Task instructions>
Look below for the line containing "Juan mide 2 veces 1 metro"; from there, print each line exactly up to and including the line containing "White House. President", and stop.

Data records>
◆ ◆ ◆

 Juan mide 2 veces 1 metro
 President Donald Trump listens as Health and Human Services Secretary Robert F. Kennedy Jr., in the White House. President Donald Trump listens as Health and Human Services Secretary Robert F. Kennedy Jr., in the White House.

◆ ◆ ◆

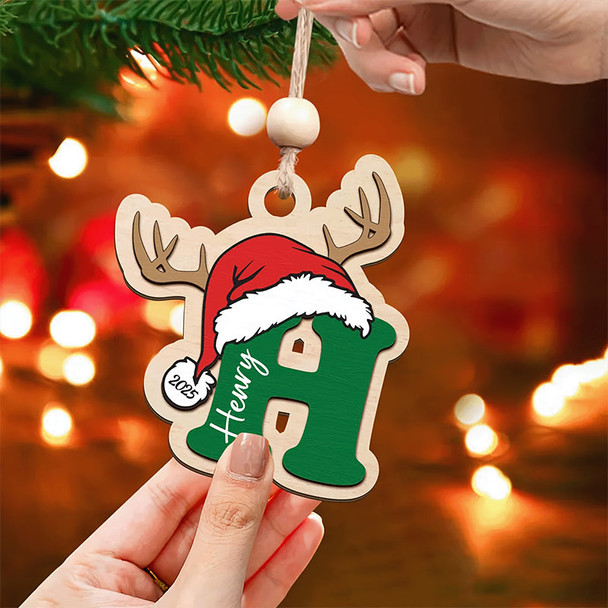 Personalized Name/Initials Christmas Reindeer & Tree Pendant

◆ ◆ ◆

Completed exercise>
 Juan mide 2 veces 1 metro
 President Donald Trump listens as Health and Human Services Secretary Robert F. Kennedy Jr., in the White House. President Donald Trump listens as Health and Human Services Secretary Robert F. Kennedy Jr., in the White House.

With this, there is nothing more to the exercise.